Dem Antrag auf Wiedereinsetzung in den vorigen Stand wegen Versäumung der sechswöchigen Beschwerdefrist ist somit stattzugeben.

II. Der VfGH kann die Behandlung einer Beschwerde in einer nicht von der Zuständigkeit des VwGH ausgeschlossenen Angelegenheit ablehnen, wenn von der Entscheidung die Klärung einer verfassungsrechtlichen Frage nicht zu erwarten ist (Art144 Abs2 B-VG). Ein solcher Fall liegt vor, wenn zur Beantwortung der maßgebenden Fragen spezifisch verfassungsrechtliche Überlegungen nicht erforderlich sind.
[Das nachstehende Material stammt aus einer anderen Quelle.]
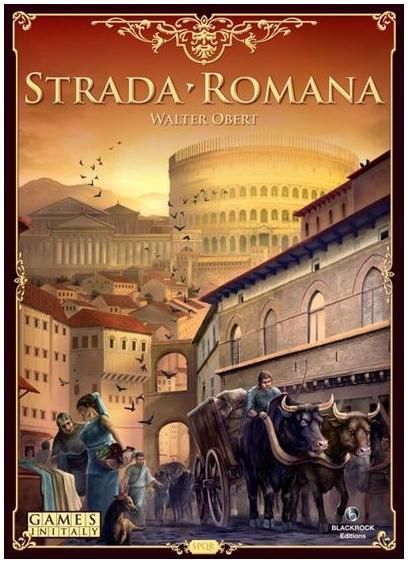 Обложка игры Strada Romana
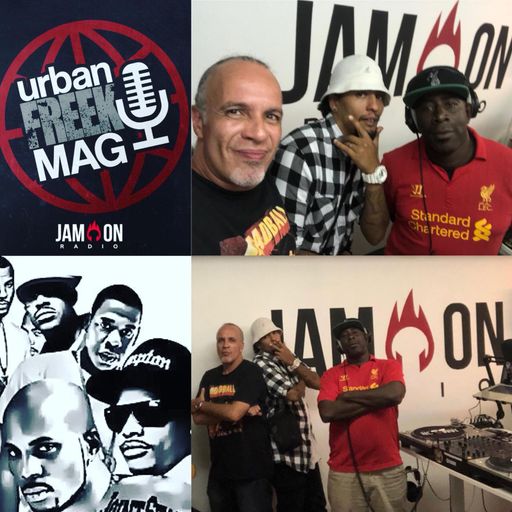 180918 FREEK URBAN MAG WITH A 45 SESSION WITH POPMASTER FABEL NYC (ZULU NATION, BEATSTREET, RSC)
Die bf. Gesellschaft erachtet sich durch die von ihr in Beschwerde gezogenen und als Akte unmittelbarer verwaltungsbehördlicher Befehls- und Zwangsgewalt qualifizierten behördlichen Maßnahmen vor allem im verfassungsgesetzlich gewährleisteten Recht auf Gleichheit aller Staatsbürger vor dem Gesetz verletzt. Die gerügten Rechtsverletzungen wären im vorliegenden Fall aber nur die Folge einer - allenfalls grob unrichtigen Anwendung einfachgesetzlicher Bestimmungen, insbesondere des §31 WRG 1959. Spezifisch verfassungsrechtliche Überlegungen sind zur Beantwortung der aufgeworfenen Fragen nicht anzustellen.

Da die Sache auch nicht von der Zuständigkeit des VwGH ausgeschlossen ist, wird die Behandlung der Beschwerde abgelehnt und die Beschwerde gemäß Art144 Abs3 B-VG antragsgemäß dem VwGH abgetreten (§19 Abs3 Z1 VerfGG).